Whitney story fires up a national debate

By |2007-06-21T09:00:00-04:00June 21st, 2007|News|

Capitol Correspondent

When BTL published the story on Tyler Whitney’s coming out last week, it was to inform readers. It was also picked up by Sirius radio host and gay journalist Michangelo Signorile. From there, the Internet caught fire with a renewed vigor on the debate about outing.
Ranging from concerns about Whitney’s age, to the ethics of outing, to calling the anonymous posters online for violent comments directed at Whitney, the debate as been full and vigorous one.
“I thought it would get the amount of attention it has,” said Signorile by phone last week. “I did. I really did. I know how passionate people are about homophobia. When they see homophobia and in this case it was just so outrageous and the YAF and the connection to it. I have seen things with the show and because it is a national show, people picked it up.”
The first major debate cycling through the blog-o-sphere is whether or not Whitney was outed, and if he was, whether it was BTL or the Conservative Dossier that did it.
Signorile said he thinks Whitney was outed.
Jeffrey Montgomery, executive director of Triangle Foundation, and Derek Smiertka, executive director of Michigan Equality, think Whitney was not outed, but rather BTL reported on his coming out.
Matt Comer a 21-year-old blogger from North Carolina, said he is not sure if it was an outing.
“That’s a tough one. Looking at the emails between you and Tyler I think the intention was great and it was a positive one. A voice we never hear and we want to write about his coming out process,” the activist said in a phone interview. “I don’t think BTL has any blame to play, they were doing their job. If I had been editor, I perhaps wouldn’t have done it.”
Comer’s website/blog Interstate Q has lead a counter insurgency against what Comer calls “abhorrent” behavior by blog commentaries from Seattle to New York.
“We always hear about how we should support youth emotionally, physically spiritually. We have not done that for this youth,” Comer observed. “Instead there have been calls for his being shot, raped and other horrible things. At this point we are being hypocritical.”
Montgomery, Smiertka and Signorile all concur that some of the responses calling for violence are over the top and unacceptable. However, Signorile has not removed such posts from his own blog, The Gist. Dan Savage from Seattle has also not removed the threat posts from his blog.
Comer said as leaders in the community, Savage and Signorile, as well as other bloggers, have an obligation to remove such posts. “Those leaders who themselves run websites where those comments are appearing should take responsibility and should take out some of the threatening materials. Those do nothing to add to a debate or discussion.”
Comer has come under fire as well for his comments. He said he has been called a traitor and an “Uncle Tom.” Comer was 14 when he came out and has been involved in youth activism and politics ever since.
One major debate filling blogs online is whether at 18, Whitney should have been outed.
“Reporting on someone’s sexual orientation and understanding that is always difficult.
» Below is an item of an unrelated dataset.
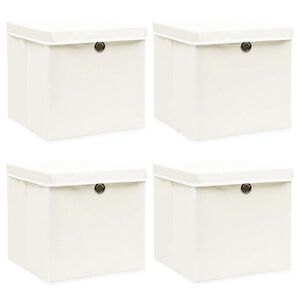 vidaXL F&ouml;rvaringsl&aring;dor med lock 4 st vit 32x32x32 cm tyg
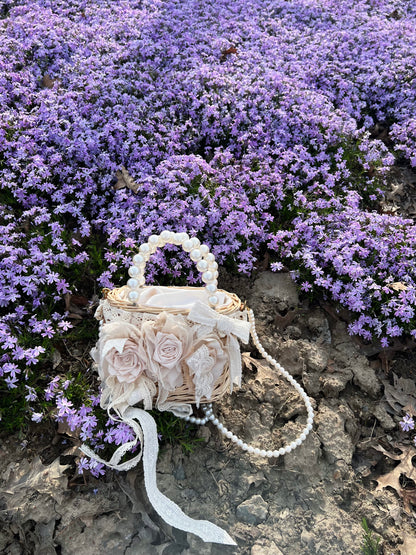 Vintage Lace Rose Wicker Handbag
Reporting on someone who is 18 is another layer of discomfort,” said Signorile. “Just because it’s super uncomfortable, doesn’t mean journalists don’t have a job to do. We are not in the business of comforting people, otherwise we would be baking cookies or something.”
“The way I understand it he was coming out to his circle of friends and it was the conservative press that reported it first. And the rest of the media broke the story on the coming out. I don’t think this was an outing on the LBGT side,” said Smiertka.
Montgomery concurs with Signorile. “The question as to whether he has been outed by the paper is really a moot point. You were reporting on this kid’s journey of coming out of the closet. He was clearly and undeniably involved in some rotten antigay stuff.”
Comer thinks Whitney was not in a position to deserve outing. “I have supported outing of high level staffers and elected officials. But he just doesn’t have that kind of influence as a webmaster,” he said.
Montgomery counters Comer’s argument, “It’s disingenuous to say ‘I am 18’. You are old enough to say horrible things about gay people work for antigay politicians,” Montgomery said. “It scandalizes young people. This is an adult person who can vote, sign contracts, own weapons, go to war. This is not like a 14-year-old. This is not a kid. This is an 18 year old man who has made many, many decisions to get involved in some very negative things. His coming out is therefore interesting and valid.”
Comer said that while Whitney is 18, and that is the age of majority in most states, the fact remains that most 18-year-olds are still significantly reliant on friends and family for support. As such, an outing of this type puts them in jeopardy.
In the end, Comer hopes the dialogue will turn into a more constructive one and away from the conversation on outing or violence. “I think it is time for us to have that dialogue. We are going to have lessons learned from this situation. What values do we have? Either we are going to come out of this as a community that is vindictive, dog-eat-dog, or we are going to be the community that says we don’t necessarily agree with each other, but we agree to disagree with each other.”